Et si la parfaite housewife des années 1950 avait donné naissance à une pop-star hybride, nourrie au funk de Silk Sonic et à l’insolence de Sabrina Carpenter ? C’est le pari fou, mais totalement réussi, de la Londonienne Emili avec son nouveau single, judicieusement baptisé « House Wife ».
Connue pour son univers cinématographique et ses contes de fées musicaux un brin sombres, l’artiste britannique ouvre un nouveau chapitre créatif. Finie la fiction pure, place à une théâtralité plus ancrée dans le réel. À travers cette « House Wife era », Emili s’empare des clichés de la vie domestique, de la féminité et des attentes sociétales pour les passer au broyeur de son ironie mordante.

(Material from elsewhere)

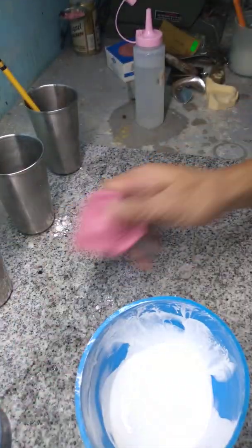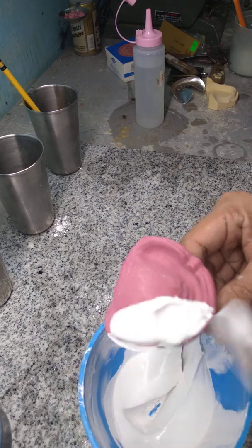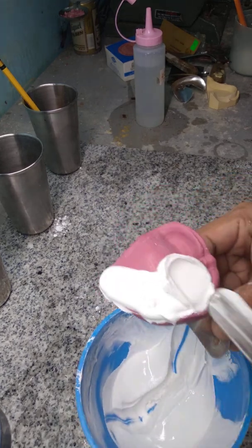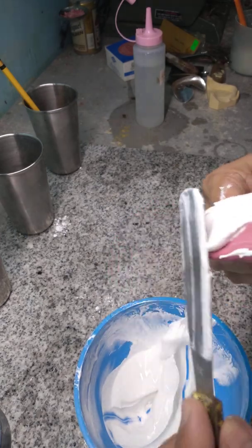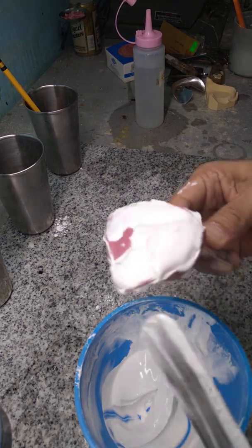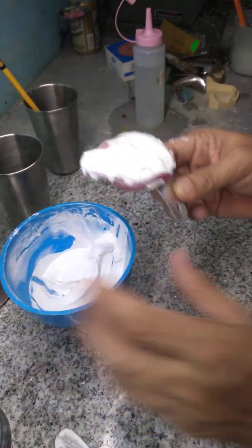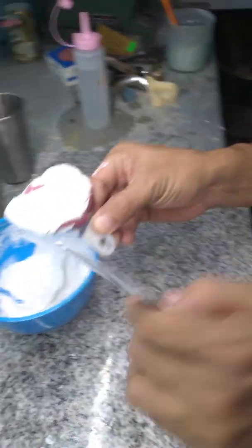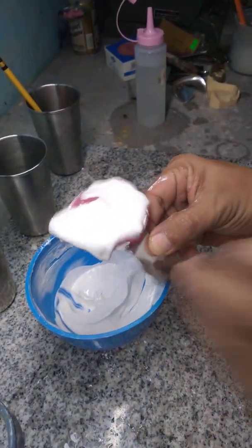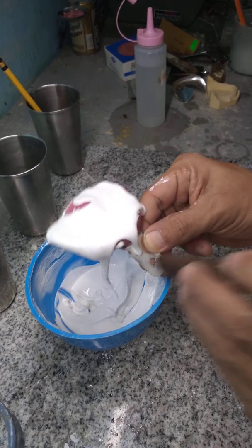Apply one side first, then fill the other side. Some say to tap the impression like this, but I don't do that. What I do is tap the tray like this, so if there are still bubbles, they will rise to the surface.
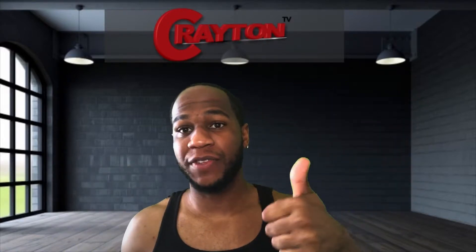What's good YouTube? It's your boy Brandon. Welcome back to Creighton TV. In today's video we've got an Amazon Mystery Package — we've got two, one and two. So let's check these out. But if you're new here, make sure you like this video up. Subscribe if you're new. Let's get to it. So first package.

Musicalement, le titre est un bonbon rétro-pop irrésistible. Derrière une ligne de basse funk ultra-efficace et des arrangements jazz chatoyants, se cache une écriture d’une grande honnêteté. Emili ne se contente pas de parodier le rêve américain ; elle livre une réflexion organique sur l’aliénation du quotidien, sans jamais perdre son sens inné de la dérision. Le pont musical, calqué sur les injonctions sexistes de l’époque, bascule habilement vers un hymne à l’émancipation moderne : s’occuper de son foyer doit être un choix, pas une fatalité.
Écrit et produit en totale autonomie, « House Wife » brille par son équilibre parfait entre vulnérabilité touchante et humour piquant. Emili prouve qu’on peut faire danser les foules tout en bousculant les codes. Une chronique domestique savoureuse qui confirme son statut d’électron libre de la pop actuelle.